What is the probability that all three disks are of different color.
The probability the first disk is red is 10/20= 1/2. There are then 9 red, 7 blue, and 3 green disk. The probability the second disk is blue is 7/19. There are the 9 red, 6 blue, and 3 green. The probability the third disk is green is 3/18= 1/6. The probability of "red, blue, green" in that order, is (1/2)(7/19)(1/6)= 7/228.

The probability the first disk is red is 10/20= 1/2. There are then 9 red, 7 blue, and 3 green disk. The probability the second disk is green is 3/19. There are the 9 red, 7 blue, and 2 green. The probability the third disk is blue is 7/18. The probability of "red, blue, green" in that order, is (1/2)(3/19)(7/19)= 7/228.

The probability the first disk is blue is 7/20. There are then 10 red, 6 blue, and 3 green disk. The probability the second disk is red is 10/19. There are the 9 red, 6 blue, and 3 green.

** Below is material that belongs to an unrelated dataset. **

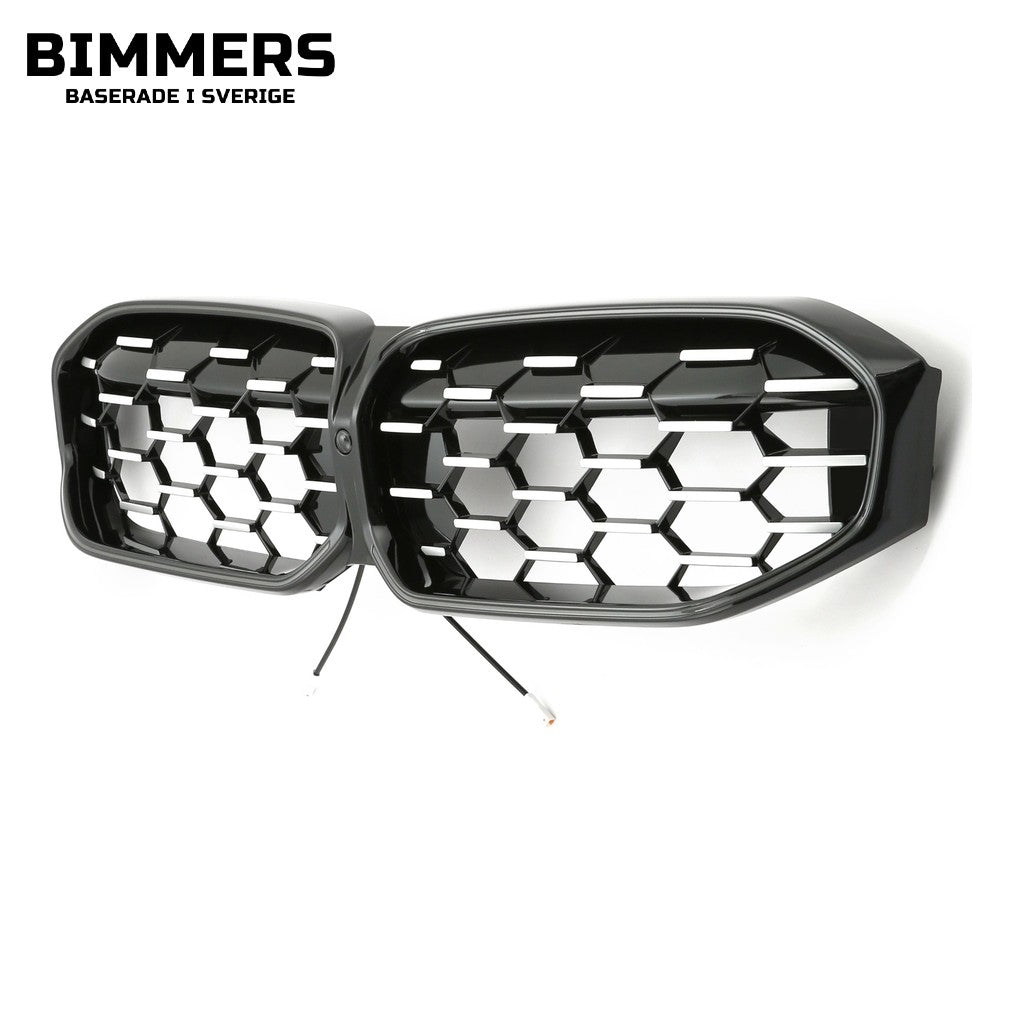 LED-njurgrill bikakemönster BMW 3-serie G20 G21 LCI från 2022, svart med krom, bild 4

The probability the third disk is green is 3/18= 1/6. The probability of "red, blue, green" in that order, is (7/20)(10/19)(1/6)= 7/228.

Get the point? There are 3!= 6 different orders of "red, green, and blue" in any order so the probability of "all three different colors" is 6(7/228)= 7/38.

 

[pka]

A bag contains 10 red, 7 blue, and 3 green disks.
The probability the first disk is blue is 7/20. There are then 10 red, 6 blue, and 3 green disk. The probability the second disk is red is 10/19. There are the 9 red, 6 blue, and 3 green. The probability the third disk is green is 3/18= 1/6. The probability of "red, blue, green" in that order, is (7/20)(10/19)(1/6)= 7/228.
Get the point? There are 3!= 6 different orders of "red, green, and blue" in any order so the probability of "all three different colors" is 6(7/228)= 7/38.

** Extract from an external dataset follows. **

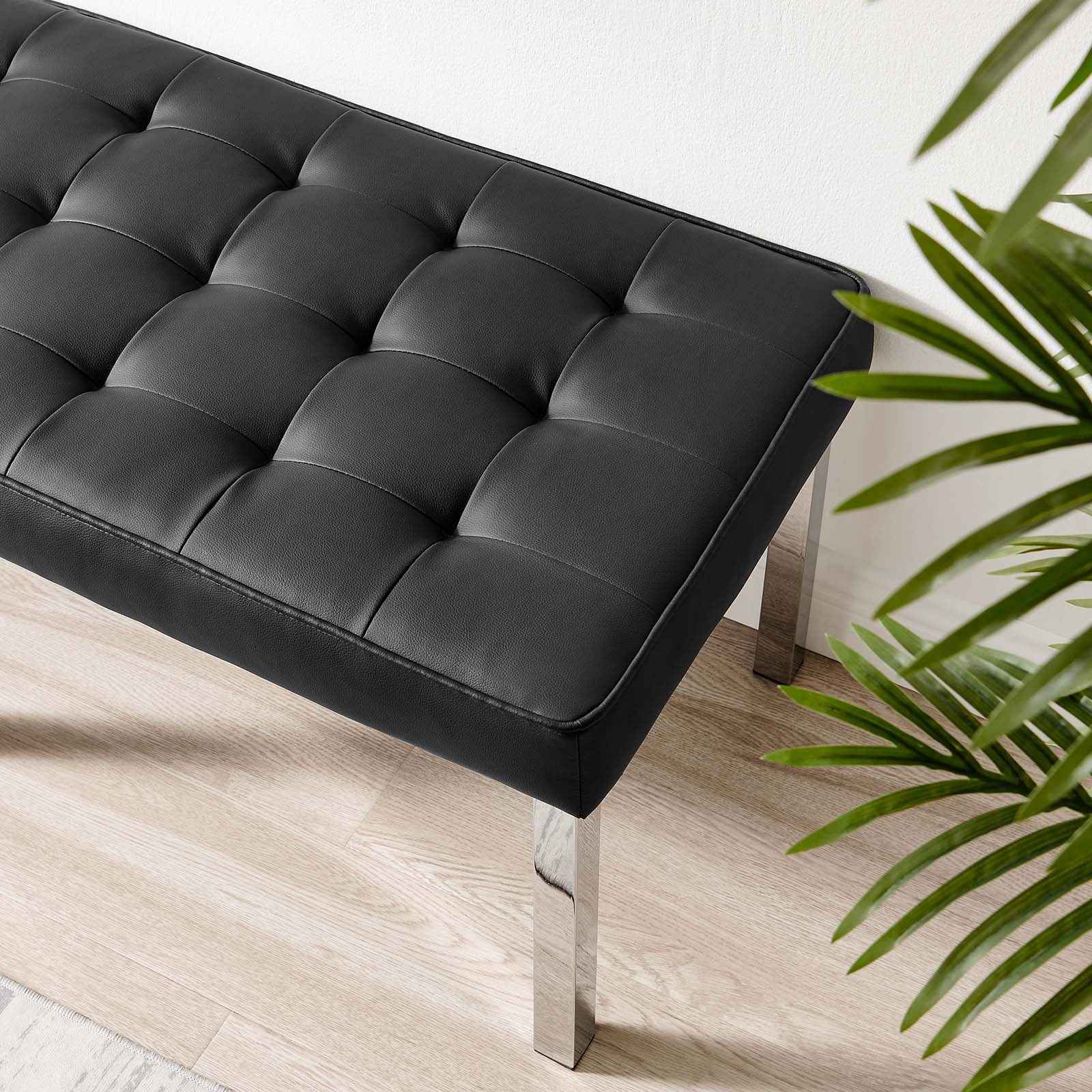 Modway Loft Tufted Vegan Leather Bench in Silver Black - Image 6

Given a bag of 20 discs (10 red, 7 blue, & 4 green disks.)
Part b. of #18 says That all 20 discs are in a bag.
Reggie takes three discs at random, one after the other.
After he takes a disc, he does not return it to the bag.
Reggie's first disc is blue.
Work out the probability that all three discs are different colours.
Now I copied the question exactly, even preserving the British spelling.

Now I take it that the question is asking for the probability:
\(\displaystyle \mathscr{P}(B_1\,G_2\,R_3)\) or \(\displaystyle \mathscr{P}(B_1\,R_2\,G_3)\)

NOTE that I do not take that the author expects conditional probability to be used.
In that case I think the intended answer is \(\displaystyle 2\cdot\left(\dfrac{7}{20}\right)\cdot\left(\dfrac{10}{19}\right)\cdot\left(\dfrac{4}{18}\right)\).

In asking SpoderCactus to respond I had hoped to get a supplied answer to compare it with my answer.
However, had I edited this text, I have insisted the answer should have been a conditional.